> _Exercise material_
= Beginning of Section =

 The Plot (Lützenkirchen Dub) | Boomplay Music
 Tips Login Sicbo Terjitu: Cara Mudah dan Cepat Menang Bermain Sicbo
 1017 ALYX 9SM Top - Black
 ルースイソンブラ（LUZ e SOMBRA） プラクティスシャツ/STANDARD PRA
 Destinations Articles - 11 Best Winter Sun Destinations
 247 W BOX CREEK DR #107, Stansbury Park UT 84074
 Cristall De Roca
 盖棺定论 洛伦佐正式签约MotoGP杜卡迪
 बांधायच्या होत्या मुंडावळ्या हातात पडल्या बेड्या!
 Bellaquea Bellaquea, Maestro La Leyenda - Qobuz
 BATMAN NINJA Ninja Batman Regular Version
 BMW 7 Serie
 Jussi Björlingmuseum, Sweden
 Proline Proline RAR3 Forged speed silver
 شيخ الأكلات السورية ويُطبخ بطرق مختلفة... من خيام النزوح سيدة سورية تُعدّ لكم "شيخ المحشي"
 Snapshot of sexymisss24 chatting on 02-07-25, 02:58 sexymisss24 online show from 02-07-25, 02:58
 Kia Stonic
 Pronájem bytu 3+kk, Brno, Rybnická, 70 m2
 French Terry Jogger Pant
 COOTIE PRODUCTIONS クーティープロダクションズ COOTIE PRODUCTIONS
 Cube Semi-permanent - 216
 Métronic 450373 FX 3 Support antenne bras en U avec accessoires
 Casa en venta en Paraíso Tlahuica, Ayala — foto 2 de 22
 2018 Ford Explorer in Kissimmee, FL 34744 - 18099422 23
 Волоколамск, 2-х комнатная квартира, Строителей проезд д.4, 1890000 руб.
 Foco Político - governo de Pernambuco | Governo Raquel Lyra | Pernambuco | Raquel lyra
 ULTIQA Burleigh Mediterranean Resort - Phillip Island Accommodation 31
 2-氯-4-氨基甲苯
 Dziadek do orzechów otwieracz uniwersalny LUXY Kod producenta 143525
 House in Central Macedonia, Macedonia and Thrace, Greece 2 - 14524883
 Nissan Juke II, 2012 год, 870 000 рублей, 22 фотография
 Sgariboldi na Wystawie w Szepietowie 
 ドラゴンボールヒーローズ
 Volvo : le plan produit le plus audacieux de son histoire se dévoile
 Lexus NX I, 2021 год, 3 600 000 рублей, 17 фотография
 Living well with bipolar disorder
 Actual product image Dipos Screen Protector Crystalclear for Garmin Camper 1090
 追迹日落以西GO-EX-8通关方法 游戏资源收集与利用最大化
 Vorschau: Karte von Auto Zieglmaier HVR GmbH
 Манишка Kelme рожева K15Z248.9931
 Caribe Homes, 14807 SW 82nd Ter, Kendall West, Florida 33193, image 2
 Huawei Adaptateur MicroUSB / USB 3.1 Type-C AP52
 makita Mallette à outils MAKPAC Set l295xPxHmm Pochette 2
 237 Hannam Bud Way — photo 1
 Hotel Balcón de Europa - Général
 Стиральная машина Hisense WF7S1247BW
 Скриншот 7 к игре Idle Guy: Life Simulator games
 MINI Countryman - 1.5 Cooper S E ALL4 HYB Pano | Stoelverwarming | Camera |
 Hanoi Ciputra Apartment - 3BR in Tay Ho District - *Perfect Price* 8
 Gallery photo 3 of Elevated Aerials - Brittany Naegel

= End of Section =

Give only the lines from the one holding "Proline Proline RAR3 Forged speed silver" through the one holding "Pronájem bytu 3+kk, Brno, Rybnická, 70 m2", each restated exactly as it appears above.

> _Written answer_
 Proline Proline RAR3 Forged speed silver
 شيخ الأكلات السورية ويُطبخ بطرق مختلفة... من خيام النزوح سيدة سورية تُعدّ لكم "شيخ المحشي"
 Snapshot of sexymisss24 chatting on 02-07-25, 02:58 sexymisss24 online show from 02-07-25, 02:58
 Kia Stonic
 Pronájem bytu 3+kk, Brno, Rybnická, 70 m2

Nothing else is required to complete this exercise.